The Tories might not think such a scenario credible. But had they been presented with an account of what has happened in the last few weeks, just after their triumphant return to majority Government last year, they would have laughed it out of court. Theresa May should remember her parting shot at Gordon Brown in 2007: “He has no democratic mandate. He has a reputation tainted by his failures after a decade in office. And he has no new ideas. An early election? Bring it on”.
So, will Ms May “bring it on”? Does she feel … lucky? Don’t hold your breath.
There is also the Scottish independence question which has greater relevance now than there was during the Blair/Brown handover. I suspect Mrs May would like a bit more time to consider her options on that question, and other devolution matters, particularly as the Scots wished to remain.
Anyone who thinks May is going to be different in aims to Cameron and all the other neocons (that includes New Labour and the LibDems) is a dope.
Here's a suggestion: Compare May's lying bullshit of a "unification" speech yesterday to the same load of hypocritical codswallop delivered by mentally disturbed Thatcher in 1979. Then list all the policies which have divided the so-called United Kingdom since 1979 - but try not to stay up beyond midnight.
The truth is it's largely irrelevant who becomes tory leader. When it comes to the crunch they'd rob their own mothers for more profit.
Meanwhile, where war-mongering, tuition fees-charging, welfare-cutting, spivette Angela Eagle is concerned......will those to whom PR claptrap matters please tell me why anybody should vote for a woman who looks and sounds like Sammy Lee with lipstick?
"Yes, there is the Fixed Term Parliaments Act, but there are usually ways and means for those politicians keen to make their mark."
One feature of Britain (which led our allies to dub us "Perfidious Albion") is a total lack of intent to play by the rules of the game.
the Fixed Term Parliaments Act states that a snap election requires a two-thirds majority in a House of Commons vote. But there are ways and means...
Article 50.1 of the EU treaty is clear. "1. Any Member State may decide to withdraw from the Union in accordance with its own constitutional requirements." For the UK, this surely means - we are supposed to have Parliamentary supremacy - a vote of the House of Commons (and possibly of the Lords as well to empower the Queen in Council) communicated by the Speaker. No - apparently a drunken text from the PM under the royal prerogative will do.

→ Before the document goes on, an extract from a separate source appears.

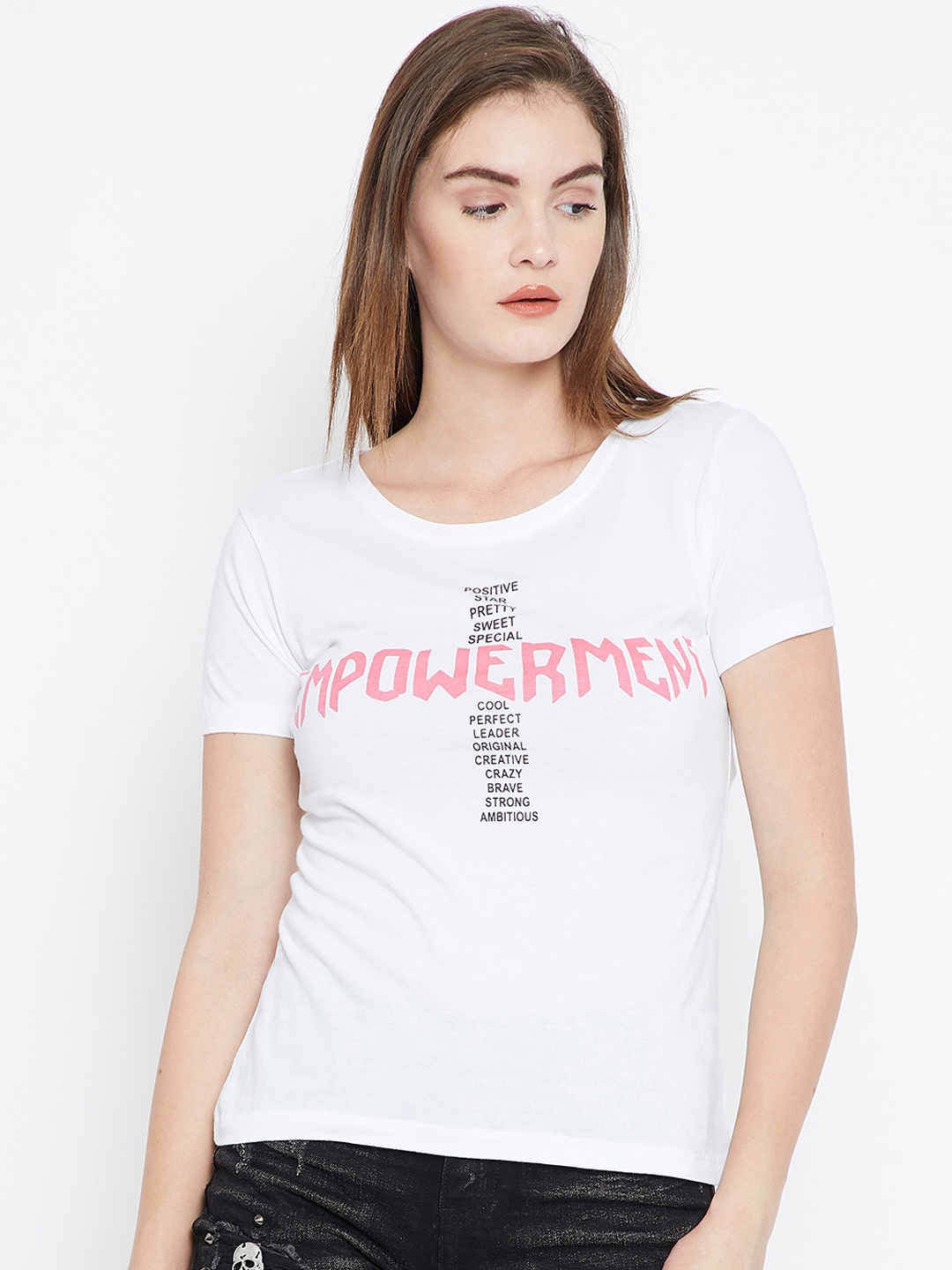 PUNK Women White Pink Printed Round Neck Pure Cotton T-shirt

we have a triple lock - apparently - that states that any amendment to the EU treaty must be confirmed beforehand by a referendum. We wish to change - at the very least - Article 52, which lists the names of the Member States of the EU. Even if (Article 48) the other 27 agree, we should get a referendum for this. Will we?
To me, the NEC rules say that if there is already a Leader for the Labour party, then challengers need nominations from 20% of the Parliamentary and European Parliamentary Labour parties (some 50 people - Danczuk doesn't count) but it says nothing about the leader. Does the NEC meet today to change the rules to exclude Corbyn.
It all reminds me of that song they sing at the end of the Last Night of the Proms: "Waive, Britannia. Britannia waives the rules."
One interesting lack of a rule: the EU treaty states nothing that could prevent a member who has given notice under Article 50 from withdrawing the notice before the two years or whatever is up.